(Records from a data source)
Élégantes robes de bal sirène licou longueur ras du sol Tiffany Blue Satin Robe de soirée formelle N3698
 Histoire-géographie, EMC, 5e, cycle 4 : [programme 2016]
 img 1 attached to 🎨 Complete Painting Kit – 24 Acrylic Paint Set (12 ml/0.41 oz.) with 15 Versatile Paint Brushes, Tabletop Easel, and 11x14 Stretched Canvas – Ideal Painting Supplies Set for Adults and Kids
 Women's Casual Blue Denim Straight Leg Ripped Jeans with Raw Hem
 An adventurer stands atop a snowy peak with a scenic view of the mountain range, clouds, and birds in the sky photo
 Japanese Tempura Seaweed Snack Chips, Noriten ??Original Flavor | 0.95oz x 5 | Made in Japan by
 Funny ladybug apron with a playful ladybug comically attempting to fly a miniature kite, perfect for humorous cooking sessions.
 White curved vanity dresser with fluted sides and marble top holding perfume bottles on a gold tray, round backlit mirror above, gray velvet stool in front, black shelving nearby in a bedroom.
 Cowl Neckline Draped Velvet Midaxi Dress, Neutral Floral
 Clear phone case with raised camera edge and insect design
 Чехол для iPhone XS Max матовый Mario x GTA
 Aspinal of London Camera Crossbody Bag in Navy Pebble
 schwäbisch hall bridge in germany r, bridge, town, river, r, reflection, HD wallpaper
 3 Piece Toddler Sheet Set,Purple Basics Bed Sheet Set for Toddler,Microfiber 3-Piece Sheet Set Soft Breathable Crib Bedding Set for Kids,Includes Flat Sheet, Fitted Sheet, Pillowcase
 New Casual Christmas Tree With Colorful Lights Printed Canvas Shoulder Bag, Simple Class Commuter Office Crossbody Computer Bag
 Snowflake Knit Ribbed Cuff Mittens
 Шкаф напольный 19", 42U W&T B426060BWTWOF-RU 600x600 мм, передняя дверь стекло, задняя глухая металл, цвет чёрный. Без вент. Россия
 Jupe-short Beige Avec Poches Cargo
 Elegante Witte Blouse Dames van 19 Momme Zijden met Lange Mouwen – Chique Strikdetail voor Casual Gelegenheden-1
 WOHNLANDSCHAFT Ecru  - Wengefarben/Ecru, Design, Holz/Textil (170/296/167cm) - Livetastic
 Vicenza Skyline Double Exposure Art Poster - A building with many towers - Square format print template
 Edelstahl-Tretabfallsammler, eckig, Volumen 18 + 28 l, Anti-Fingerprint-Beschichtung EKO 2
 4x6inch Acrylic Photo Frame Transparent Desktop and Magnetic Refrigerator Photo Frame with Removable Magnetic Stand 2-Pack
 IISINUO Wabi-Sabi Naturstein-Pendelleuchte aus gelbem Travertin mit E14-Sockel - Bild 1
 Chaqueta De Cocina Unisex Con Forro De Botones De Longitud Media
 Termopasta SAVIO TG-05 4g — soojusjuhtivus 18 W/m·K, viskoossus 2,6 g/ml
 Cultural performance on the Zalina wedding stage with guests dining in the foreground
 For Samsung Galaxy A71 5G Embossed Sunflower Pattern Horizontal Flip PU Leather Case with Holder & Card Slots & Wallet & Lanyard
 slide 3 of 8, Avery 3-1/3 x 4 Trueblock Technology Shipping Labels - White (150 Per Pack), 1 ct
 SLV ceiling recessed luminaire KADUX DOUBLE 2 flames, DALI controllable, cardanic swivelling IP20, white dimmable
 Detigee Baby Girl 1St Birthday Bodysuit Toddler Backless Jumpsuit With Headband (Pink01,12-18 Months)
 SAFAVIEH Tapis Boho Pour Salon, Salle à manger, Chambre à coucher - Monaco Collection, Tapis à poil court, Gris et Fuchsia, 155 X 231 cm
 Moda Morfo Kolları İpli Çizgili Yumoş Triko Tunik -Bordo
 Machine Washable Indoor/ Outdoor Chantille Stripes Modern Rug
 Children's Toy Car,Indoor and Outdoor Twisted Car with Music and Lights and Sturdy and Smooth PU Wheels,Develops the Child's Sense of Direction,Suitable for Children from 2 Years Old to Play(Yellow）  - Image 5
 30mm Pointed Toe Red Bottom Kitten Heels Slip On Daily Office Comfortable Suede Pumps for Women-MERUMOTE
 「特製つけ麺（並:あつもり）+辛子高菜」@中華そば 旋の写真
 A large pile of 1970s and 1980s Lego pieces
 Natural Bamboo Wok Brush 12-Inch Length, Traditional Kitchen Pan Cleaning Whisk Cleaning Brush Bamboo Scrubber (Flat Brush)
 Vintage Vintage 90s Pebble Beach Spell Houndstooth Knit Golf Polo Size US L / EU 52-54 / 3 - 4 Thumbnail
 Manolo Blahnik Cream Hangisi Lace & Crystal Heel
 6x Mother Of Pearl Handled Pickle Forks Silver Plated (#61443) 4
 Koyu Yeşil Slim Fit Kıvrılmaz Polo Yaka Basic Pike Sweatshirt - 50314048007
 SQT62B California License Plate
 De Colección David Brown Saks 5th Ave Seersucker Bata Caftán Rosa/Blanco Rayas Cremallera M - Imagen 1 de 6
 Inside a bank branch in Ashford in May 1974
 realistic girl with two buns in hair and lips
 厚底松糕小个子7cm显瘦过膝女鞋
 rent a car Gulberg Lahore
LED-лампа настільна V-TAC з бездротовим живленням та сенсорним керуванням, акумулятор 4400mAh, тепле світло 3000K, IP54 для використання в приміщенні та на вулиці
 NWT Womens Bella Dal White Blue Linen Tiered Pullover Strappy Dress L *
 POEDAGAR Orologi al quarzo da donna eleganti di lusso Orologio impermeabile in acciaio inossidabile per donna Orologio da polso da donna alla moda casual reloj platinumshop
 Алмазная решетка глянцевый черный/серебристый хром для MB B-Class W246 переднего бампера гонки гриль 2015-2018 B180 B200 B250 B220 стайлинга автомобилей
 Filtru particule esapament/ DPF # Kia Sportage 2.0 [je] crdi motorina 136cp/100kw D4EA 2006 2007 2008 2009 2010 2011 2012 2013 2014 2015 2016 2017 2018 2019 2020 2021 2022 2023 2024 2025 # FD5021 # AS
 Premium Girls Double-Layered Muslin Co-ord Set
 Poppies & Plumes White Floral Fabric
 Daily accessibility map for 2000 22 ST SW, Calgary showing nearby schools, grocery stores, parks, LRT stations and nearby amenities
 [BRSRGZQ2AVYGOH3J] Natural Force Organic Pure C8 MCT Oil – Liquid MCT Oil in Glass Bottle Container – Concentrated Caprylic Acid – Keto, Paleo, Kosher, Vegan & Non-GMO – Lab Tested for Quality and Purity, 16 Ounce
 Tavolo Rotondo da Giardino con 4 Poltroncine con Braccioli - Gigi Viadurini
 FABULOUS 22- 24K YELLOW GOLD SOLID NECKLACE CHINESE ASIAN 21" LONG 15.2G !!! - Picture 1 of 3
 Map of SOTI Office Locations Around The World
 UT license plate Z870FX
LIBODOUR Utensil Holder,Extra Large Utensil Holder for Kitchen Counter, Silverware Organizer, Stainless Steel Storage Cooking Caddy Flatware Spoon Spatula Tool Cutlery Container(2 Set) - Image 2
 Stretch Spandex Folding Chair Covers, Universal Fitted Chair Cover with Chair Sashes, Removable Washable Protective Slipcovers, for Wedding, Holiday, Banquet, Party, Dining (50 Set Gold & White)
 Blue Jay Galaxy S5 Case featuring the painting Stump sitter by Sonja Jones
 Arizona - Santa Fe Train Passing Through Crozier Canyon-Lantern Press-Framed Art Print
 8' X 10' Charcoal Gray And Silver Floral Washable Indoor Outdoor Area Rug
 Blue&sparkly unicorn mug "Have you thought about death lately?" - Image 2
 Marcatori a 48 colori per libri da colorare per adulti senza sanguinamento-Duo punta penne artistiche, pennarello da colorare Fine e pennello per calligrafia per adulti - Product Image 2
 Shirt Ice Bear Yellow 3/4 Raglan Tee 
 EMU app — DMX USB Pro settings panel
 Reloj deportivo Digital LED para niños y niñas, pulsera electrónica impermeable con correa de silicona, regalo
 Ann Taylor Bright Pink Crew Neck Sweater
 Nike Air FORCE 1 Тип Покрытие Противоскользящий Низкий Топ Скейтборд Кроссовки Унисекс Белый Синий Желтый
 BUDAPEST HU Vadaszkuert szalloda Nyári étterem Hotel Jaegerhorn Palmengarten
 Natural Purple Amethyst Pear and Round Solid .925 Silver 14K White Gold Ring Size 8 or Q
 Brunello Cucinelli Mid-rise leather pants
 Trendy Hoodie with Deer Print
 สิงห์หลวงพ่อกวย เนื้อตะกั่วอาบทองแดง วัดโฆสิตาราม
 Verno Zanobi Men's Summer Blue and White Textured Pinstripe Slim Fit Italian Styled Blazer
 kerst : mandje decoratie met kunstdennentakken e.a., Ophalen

- WORK REQUIRED
Going back to the entries above, set down exactly the lines that begin at the one with "Premium Girls Double-Layered" and end at the one with "Daily accessibility map", both included, and nothing else.

- REPLY TO THE TASK
 Premium Girls Double-Layered Muslin Co-ord Set
 Poppies & Plumes White Floral Fabric
 Daily accessibility map for 2000 22 ST SW, Calgary showing nearby schools, grocery stores, parks, LRT stations and nearby amenities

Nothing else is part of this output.